I dispute your example. If you call f(2) and it always returns 4, it's idempotent and side-effect-free. If you call f() and it returns 4, then 8, etc, it is neither.

From wikipedia:

"A unary operation f, that is, a map from some set S into itself, is called idempotent if, for all x in S, f(f(x)) = f(x)."

  • Instead of checking wikipedia for a general definition of idempotency, check the RFC for the definition that applies to HTTP

    9.1.2 Idempotent Methods

       Methods can also have the property of "idempotence" in that (aside
       from error or expiration issues) the side-effects of N > 0 identical
       requests is the same as for a single request.

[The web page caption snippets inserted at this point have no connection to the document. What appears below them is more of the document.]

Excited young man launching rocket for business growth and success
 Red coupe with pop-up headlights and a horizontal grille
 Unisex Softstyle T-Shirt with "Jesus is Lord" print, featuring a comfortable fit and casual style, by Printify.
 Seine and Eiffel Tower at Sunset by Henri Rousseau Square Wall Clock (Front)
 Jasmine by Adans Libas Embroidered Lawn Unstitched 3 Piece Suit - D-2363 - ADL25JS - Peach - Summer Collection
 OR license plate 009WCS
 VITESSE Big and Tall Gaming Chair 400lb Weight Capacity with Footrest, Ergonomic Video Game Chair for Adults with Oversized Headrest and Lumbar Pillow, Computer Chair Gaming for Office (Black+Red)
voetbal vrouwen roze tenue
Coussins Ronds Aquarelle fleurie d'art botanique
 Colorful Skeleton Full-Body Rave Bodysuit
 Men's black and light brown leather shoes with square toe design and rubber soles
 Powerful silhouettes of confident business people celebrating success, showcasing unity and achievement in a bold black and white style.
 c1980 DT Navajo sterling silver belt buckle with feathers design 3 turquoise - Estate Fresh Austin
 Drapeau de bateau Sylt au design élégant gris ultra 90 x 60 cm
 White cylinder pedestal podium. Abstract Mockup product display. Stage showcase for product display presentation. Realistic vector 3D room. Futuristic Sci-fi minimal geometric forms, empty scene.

  • Yes, in mathematics, not programming. And a function that doubles a number isn't idempotent even by that definition.

    • Of course a doubling function is not idempotent!

      I think the confusion arises because side-effectful functions can be considered as having type

          f :: (RealWorld, OtherArgs) -> (RealWorld, OtherOutputs)
      

      and so for a garage door toggle you have something like

          t :: RealWorld -> RealWorld
      

      where the new state is the old one with the door opened/closed as appropriate.

      Now the idempotence condition becomes:

          t(t(world)) == t(world)
      

      but clearly

             t(t(doorOpenWorld)
          =  t(doorClosedWorld)
          =  doorOpenWorld
          != t(doorOpenWorld)
          =  doorclosedWorld
      

      so this is where the notion comes from. If you abuse notation and just say a function of no arguments can be idempotent then you'll get confusion like this.

      5 replies →

  • I think because in math you don’t ever have side effects you usually use composition where in programming you usually use a sequence. So to change that function in to how people would implement it means rearranging the internal stuff and then it probably wouldn’t be idempotent be either definition.